Men Are Like That (Columbia) is a distressing but feeble commentary on situations of social discord in an outlying Army post. Jilted by a dashing lieutenant (John Wrayne), the girl (Laura La Plante) marries his friend, who is a colonel. Later, to preserve the morals of her young sister, she compromises the lieutenant so seriously that he nearly loses his commission. Based on Augustus Thomas' play Arizona, which was produced in 1899, Men Are Like That seems a needless survival of an insignificant intrigue. A typically trite shot is the one with which the picture starts: an Army-Navy football game which the hero wins by kicking a field goal.

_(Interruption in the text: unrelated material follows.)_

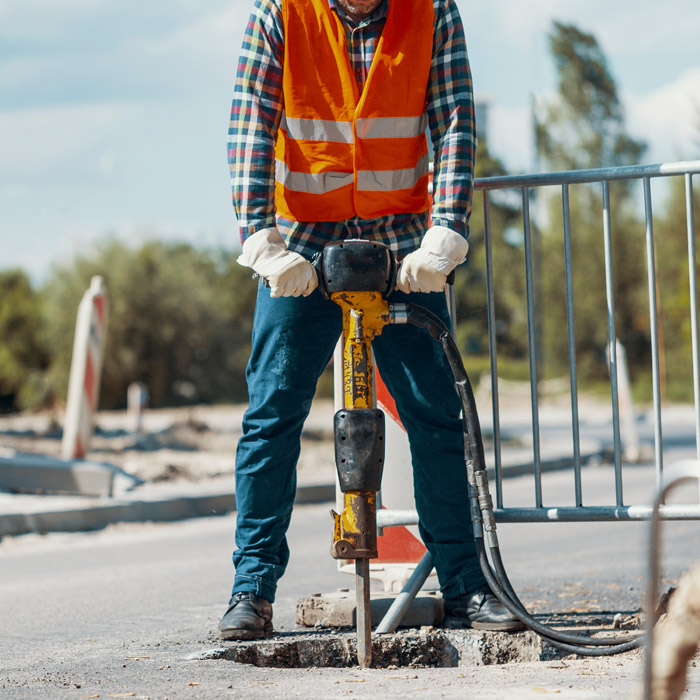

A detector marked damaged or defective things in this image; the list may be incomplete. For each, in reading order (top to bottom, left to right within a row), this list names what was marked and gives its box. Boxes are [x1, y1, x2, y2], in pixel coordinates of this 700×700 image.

broken concrete slab [296, 592, 442, 628]
broken concrete slab [186, 628, 568, 668]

Sporting Blood (Metro-Goldwyn-Mayer) has to do with a racehorse named Tommy Boy. Bred on a Kentucky farm, he is sold successively to a pot-bellied stable owner, a spendthrift with a petulant wife, a gambler who dopes him to win a race. When the gambler is murdered after a misunderstanding with his confreres, his mistress inherits the horse, winters him on the farm where he was bred, enters him in the Kentucky Derby. Gamblers try to fix this race also; but Tommy Boy's owner has a stable boy cut a notch in the reins so that, when the jockey tries to hold him back, Tommy Boy breaks the reins, wins the race. Most race-track pictures sentimentalize both horses and humans even more than this one, which is, on the whole, exciting, interesting, occasionally authentic. Subsidiary stories about humans surround the chronicle of Tommy Boy. His last owner, the gambler's mistress, is deeply attached both to Tommy Boy and to a young gambler who, regenerate in the last reel, informs her stable-hands of the plot which he has helped to formulate. Shots of Elmendorf, Joseph E. Widener's farm near Lexington, Ky.; the 1931 Derby at Churchill Downs; of Vice President Curtis (a onetime jockey) marching down the clubhouse steps; and the sounds of a radio announcer mingling the names of real Derby horses (Spanish Play, Sweep All) with fictitious ones (Tommy Boy, Bar Sinister), help make the atmosphere of Sporting Blood less spurious than is customary. So does the performance of Clark Gable, who impersonates the young gambler with that air of reckless, good-humored depravity which has made him an overnight favorite among female cinemaddicts.
Born in Cadiz, Ohio 30 years ago, Cinemactor Gable got his first stage experience as prop-boy in a stock company. He got his broad shoulders at a lumber camp after the stock company disbanded at Portland, Ore. An impressively ugly stage performance as Killer Mears in The Last Mile caused Metro-Goldwyn-Mayer to select him for subordinate roles in half a dozen gangster pictures. In A Free Soul he was the gangster whose rude but persuasive gallantries caused Norma Shearer to violate the Producer's Code.* Nicknamed "Dutchy," Actor Gable receives more letters than any other male star in Hollywood, hopes to retire in ten years, likes horses. A salad named after him is made of lettuce, grapefruit, cottage cheese.
*Stating the moral requirements and restrictions governing U. S. cinema productions and theoretically adhered to by the (Hays) Motion Picture Producers & Distributors of America, Inc.